Yes thats correct. I think one problem is that arm64 does not have an alignment trap. If I understand it correctly Kernel can correct alignment in ARM. The toolchain is build like a RPi2 toolchain in LE. Just that values are different mtune=cortex-a53, mcpu=armv8-a+crc and mfpu=neon-fp-armv8.

glenvt18 commented 7 years ago

Added -mtune=cortex-a53. No bus errors either.

We don't need a kernel trap. It will kill performance. libdvbcsa just must not by design do any unaligned accesses to memory which are not allowed on a particular platform. In our case it's 64 bit (32 bit is allowed). Fixing inside the kernel just masks the real problem.

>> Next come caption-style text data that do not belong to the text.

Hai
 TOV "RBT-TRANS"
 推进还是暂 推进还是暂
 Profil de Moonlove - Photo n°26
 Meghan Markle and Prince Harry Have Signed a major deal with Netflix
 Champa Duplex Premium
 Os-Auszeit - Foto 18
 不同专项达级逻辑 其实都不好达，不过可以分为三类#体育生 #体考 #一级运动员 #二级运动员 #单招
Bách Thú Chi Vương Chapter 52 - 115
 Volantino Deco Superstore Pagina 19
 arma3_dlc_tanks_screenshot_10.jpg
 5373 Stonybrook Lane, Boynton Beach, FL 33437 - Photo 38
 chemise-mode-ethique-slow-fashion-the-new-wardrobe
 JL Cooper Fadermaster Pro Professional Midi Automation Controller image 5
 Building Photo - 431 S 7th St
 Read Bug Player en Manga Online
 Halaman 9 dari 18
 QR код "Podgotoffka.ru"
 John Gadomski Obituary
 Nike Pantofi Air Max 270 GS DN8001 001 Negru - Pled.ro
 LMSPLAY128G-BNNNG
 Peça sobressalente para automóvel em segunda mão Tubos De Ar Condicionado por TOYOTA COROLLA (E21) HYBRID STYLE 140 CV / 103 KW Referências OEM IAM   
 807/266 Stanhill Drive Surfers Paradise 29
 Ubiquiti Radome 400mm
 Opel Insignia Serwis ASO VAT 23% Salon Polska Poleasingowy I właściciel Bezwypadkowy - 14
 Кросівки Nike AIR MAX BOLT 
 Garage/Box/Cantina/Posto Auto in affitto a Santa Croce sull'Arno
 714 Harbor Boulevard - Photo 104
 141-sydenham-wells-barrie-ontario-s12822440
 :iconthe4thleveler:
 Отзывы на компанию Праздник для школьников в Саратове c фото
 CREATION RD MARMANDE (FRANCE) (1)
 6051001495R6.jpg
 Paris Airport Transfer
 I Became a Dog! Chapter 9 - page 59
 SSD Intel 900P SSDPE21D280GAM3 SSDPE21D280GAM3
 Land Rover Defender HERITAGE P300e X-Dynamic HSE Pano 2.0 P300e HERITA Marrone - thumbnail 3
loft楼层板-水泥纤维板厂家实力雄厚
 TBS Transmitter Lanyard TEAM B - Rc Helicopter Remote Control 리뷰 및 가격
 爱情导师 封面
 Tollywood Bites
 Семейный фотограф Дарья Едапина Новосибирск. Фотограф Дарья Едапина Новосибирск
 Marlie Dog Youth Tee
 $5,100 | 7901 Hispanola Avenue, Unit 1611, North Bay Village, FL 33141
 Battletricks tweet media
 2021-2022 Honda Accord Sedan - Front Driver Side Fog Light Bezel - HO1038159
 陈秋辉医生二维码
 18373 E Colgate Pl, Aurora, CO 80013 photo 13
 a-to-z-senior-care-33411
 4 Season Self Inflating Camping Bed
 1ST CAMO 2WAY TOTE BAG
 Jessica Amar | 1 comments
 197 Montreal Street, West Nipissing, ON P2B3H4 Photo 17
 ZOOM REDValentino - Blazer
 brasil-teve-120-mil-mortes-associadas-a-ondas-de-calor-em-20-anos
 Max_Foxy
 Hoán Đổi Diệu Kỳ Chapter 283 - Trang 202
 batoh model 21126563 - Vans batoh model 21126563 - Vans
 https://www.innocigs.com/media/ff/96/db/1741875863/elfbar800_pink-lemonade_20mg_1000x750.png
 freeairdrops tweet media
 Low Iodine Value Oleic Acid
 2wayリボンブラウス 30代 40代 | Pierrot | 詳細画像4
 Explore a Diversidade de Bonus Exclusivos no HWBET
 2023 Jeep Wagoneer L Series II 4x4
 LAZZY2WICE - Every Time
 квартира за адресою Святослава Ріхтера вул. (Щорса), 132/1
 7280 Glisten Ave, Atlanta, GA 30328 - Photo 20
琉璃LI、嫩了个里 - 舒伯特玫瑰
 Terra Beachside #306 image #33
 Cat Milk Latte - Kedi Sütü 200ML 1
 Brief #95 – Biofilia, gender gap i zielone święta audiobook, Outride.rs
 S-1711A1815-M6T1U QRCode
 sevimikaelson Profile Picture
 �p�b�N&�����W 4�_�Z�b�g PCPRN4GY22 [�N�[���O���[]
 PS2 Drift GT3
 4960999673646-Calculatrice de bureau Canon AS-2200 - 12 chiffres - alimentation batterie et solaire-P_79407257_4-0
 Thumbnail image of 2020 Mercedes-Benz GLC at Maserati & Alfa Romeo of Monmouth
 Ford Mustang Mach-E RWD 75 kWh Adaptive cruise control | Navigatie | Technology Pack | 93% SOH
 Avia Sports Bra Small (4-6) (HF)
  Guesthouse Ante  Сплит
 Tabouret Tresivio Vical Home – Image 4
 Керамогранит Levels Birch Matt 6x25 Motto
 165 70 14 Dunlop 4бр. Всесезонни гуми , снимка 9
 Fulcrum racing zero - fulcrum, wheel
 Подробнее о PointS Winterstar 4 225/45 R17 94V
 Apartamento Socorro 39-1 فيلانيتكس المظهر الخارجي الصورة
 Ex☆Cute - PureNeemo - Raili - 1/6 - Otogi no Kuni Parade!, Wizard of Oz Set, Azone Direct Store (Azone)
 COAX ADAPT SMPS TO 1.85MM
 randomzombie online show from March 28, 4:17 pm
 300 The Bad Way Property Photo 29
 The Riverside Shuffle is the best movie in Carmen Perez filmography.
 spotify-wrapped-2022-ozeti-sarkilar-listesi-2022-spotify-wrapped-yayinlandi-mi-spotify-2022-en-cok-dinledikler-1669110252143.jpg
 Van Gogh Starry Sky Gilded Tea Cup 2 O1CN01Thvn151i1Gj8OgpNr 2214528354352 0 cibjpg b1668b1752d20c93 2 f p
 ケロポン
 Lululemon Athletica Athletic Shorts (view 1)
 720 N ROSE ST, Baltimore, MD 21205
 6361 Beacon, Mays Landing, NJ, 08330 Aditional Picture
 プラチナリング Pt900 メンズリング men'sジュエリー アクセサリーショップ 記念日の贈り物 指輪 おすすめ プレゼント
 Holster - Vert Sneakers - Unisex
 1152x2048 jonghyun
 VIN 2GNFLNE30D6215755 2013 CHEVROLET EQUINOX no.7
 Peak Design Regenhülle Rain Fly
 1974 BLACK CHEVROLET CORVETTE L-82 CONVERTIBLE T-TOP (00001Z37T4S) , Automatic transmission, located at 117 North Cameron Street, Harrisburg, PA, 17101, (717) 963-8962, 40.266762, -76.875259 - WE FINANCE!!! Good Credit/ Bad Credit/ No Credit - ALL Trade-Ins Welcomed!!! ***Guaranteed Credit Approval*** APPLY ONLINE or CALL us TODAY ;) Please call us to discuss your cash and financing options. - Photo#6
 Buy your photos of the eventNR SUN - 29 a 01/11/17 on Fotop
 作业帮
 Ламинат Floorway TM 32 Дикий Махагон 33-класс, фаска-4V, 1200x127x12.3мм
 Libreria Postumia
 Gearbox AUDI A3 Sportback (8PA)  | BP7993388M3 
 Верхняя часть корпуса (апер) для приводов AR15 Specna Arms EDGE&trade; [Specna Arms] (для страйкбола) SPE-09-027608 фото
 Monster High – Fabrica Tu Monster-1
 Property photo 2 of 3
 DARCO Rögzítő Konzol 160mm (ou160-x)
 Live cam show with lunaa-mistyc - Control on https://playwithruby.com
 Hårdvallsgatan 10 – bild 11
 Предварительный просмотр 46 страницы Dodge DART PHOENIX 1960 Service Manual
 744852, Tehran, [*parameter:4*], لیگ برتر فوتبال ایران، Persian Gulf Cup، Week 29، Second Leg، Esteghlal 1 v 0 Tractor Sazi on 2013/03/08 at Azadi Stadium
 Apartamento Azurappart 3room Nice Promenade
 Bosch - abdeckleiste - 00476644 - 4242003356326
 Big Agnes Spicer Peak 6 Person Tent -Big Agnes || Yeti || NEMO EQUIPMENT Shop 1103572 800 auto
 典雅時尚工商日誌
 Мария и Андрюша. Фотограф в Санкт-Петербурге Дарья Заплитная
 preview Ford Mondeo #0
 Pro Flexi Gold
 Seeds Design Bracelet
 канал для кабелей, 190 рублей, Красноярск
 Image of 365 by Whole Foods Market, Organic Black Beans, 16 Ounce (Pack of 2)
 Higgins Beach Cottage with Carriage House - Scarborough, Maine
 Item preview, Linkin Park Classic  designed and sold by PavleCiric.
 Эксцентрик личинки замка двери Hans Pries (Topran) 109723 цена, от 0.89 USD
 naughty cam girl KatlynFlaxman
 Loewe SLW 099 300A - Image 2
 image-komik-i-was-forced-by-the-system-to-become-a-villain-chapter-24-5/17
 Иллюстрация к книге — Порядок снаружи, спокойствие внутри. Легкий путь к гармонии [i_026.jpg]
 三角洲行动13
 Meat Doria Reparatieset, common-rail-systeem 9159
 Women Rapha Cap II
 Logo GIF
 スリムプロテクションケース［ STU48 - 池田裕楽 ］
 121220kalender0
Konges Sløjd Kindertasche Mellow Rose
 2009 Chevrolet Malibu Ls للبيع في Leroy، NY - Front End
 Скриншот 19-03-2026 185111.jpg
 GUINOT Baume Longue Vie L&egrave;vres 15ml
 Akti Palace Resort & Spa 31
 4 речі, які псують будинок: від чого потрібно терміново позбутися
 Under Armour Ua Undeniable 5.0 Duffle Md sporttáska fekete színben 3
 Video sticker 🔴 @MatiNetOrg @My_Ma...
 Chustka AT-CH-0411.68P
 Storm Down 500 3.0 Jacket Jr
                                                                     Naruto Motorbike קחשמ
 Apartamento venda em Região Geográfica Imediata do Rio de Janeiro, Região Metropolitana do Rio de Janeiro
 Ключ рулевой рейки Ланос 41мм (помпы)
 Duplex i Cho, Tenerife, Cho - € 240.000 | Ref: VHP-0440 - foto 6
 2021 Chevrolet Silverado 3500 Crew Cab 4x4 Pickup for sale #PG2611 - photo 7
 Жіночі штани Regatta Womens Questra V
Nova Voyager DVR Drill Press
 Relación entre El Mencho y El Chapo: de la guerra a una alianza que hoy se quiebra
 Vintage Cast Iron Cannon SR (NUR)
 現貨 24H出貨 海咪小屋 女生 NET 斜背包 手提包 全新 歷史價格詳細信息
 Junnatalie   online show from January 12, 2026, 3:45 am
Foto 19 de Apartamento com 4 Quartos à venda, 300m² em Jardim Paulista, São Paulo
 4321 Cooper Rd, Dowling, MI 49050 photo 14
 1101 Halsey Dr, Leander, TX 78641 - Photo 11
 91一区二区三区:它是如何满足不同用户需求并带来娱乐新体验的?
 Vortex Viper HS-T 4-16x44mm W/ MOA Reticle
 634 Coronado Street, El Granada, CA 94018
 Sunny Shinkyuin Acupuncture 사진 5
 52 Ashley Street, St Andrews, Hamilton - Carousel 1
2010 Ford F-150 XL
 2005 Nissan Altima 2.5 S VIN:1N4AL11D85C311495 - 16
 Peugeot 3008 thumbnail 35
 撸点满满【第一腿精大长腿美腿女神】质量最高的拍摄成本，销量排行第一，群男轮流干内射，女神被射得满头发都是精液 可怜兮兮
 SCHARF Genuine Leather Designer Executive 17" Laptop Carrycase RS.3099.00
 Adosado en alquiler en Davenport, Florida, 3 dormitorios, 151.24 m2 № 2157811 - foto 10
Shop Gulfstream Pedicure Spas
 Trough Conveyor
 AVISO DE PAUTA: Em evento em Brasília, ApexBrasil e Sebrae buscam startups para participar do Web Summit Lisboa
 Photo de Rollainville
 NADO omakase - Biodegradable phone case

My toolchain was simply installed from the Ubuntu repository. I run OpenELEC on my RPi2, but have no OpenELEC/LibreELEC toolchain. Tests and the library itself are built statically. They should generally work in environments close to each other (in terms of versions or time). I've run them in Linaro 12.10 (12 is the year) with custom kernel 3.4, just copied the binaries, and they worked.

Ray-future commented 7 years ago

Thanks. I have to admit I'm pretty clueless about this. I'll try your suggestions about gcc and I hope to resolve this. But since you can produce a compilation that works on my Odroid C2 with 64/32 there is no reason it can't in LE.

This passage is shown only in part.